Find a senior officer that the NCOs respect and go to him for advice when you need it.


----------



## GO!!! (4 Dec 2005)

If you think everyone is talking about your last mistake and laughing about you behind your back, they probably are. Junior officers are an endless source of quality amusement.

Do'nt try to be harder than you are. Just do your job. Frauds are easy to see through and easier to get rid of.


----------



## KevinB (4 Dec 2005)

See the Patricia mafia has chimed in -- and some "people" say we dont mentor  ;D


----------



## PPCLI MCpl (4 Dec 2005)

Remember, it may be the OC's company, but it's your platoon.  Always fight for what you think is best for your troops.  You may not always win, but the troops will respect you more for your efforts.


----------



## Danjanou (4 Dec 2005)

All good advice. Remember you are the platoon commander and therefore you make the call, and give the orders and at the end of ther day you wear any mistakes. However there is a wealth of experience and expertise at your disposal in your Warrant and the NCO's (Sgts, M/Cpls and Cpls), use it.

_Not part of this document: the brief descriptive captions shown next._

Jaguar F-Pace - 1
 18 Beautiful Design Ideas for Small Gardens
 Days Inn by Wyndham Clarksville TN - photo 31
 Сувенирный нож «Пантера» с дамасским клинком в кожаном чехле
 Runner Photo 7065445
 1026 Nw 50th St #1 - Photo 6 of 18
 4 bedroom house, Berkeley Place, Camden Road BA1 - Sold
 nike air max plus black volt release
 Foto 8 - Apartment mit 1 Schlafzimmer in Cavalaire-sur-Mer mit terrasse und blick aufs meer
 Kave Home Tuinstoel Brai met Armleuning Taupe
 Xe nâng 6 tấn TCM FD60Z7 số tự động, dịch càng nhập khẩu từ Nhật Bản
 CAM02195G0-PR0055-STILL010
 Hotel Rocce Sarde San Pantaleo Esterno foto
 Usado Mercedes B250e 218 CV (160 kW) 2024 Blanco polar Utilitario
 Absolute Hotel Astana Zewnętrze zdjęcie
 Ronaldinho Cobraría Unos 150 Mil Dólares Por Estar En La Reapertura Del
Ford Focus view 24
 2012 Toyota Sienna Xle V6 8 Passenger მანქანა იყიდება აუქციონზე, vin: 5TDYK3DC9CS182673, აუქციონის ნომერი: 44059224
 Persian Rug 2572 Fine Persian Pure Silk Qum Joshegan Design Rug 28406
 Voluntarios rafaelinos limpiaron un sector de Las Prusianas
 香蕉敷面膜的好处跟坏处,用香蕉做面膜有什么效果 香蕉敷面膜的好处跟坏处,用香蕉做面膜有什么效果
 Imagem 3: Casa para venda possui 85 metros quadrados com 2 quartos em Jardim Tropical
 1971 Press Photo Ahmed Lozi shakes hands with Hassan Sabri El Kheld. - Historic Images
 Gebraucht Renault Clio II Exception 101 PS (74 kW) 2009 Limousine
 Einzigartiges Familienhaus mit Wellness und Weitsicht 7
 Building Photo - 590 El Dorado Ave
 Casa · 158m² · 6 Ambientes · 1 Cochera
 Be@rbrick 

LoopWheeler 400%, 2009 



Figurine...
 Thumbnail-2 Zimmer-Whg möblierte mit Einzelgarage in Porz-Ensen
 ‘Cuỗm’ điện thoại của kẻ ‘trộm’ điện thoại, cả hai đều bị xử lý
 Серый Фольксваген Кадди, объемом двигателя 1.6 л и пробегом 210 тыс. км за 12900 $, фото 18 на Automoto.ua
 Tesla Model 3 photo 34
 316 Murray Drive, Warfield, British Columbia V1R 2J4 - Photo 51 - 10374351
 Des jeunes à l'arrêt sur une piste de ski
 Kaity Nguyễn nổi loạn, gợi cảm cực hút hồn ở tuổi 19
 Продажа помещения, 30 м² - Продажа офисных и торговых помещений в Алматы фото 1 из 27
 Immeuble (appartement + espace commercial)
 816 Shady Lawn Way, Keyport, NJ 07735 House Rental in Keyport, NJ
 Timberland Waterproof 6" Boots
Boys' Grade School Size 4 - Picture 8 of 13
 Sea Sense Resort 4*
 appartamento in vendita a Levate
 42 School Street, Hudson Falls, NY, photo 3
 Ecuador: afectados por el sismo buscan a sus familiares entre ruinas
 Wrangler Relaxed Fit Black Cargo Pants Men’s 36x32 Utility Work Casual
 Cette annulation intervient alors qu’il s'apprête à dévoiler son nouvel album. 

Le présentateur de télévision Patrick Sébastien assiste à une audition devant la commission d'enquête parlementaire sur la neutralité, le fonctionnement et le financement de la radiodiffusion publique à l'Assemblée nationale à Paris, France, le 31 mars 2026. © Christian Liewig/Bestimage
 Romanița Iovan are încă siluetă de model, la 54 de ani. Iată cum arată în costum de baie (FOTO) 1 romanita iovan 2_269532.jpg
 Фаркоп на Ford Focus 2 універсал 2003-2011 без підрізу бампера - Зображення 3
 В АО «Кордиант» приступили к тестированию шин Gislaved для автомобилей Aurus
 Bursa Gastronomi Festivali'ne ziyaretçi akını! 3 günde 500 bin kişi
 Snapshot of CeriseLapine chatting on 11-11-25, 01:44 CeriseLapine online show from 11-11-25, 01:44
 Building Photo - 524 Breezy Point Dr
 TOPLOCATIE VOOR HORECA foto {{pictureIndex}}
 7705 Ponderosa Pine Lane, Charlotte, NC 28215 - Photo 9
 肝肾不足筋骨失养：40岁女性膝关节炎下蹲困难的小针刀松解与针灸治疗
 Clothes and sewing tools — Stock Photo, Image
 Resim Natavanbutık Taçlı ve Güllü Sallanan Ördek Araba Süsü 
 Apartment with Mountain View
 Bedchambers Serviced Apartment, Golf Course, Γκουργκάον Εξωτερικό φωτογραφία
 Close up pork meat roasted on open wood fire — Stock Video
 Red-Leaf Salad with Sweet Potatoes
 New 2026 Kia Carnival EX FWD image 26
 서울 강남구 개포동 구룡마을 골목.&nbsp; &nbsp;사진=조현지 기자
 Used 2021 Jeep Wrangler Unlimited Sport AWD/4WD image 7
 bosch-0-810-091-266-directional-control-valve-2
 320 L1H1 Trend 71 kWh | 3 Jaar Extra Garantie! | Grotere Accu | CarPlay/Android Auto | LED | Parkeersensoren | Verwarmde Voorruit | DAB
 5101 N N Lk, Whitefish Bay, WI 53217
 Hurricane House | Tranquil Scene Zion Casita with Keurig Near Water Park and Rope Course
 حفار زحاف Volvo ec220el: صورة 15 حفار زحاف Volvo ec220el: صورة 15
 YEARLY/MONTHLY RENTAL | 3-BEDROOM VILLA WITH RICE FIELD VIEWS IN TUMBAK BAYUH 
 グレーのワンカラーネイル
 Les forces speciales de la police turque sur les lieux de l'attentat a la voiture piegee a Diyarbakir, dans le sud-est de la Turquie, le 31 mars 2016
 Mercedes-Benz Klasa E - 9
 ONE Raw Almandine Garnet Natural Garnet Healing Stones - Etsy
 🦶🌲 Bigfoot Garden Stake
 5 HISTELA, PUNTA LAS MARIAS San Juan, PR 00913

Most of those posting I would say were around when a newly minted 2/Lt came through the door. I had more than my share of new platoon commanders, some good, most average, some really bad. The later usually came in with the attitude thay knew it all. 

They didn't.


----------



## little jim (4 Dec 2005)

Inf Off,

    You can probably see a common chain of thought in most of the posts concerning 'new' officers and their first commands.

     During Inf 6B (at least reg) the students are reminded that a large part of their job is the training of their platoon commanders - one of the previous Cmdt's of the Inf Sch used to refer to this as phase 5 (which the candidates had to pass) followed by phase 6 - your OC.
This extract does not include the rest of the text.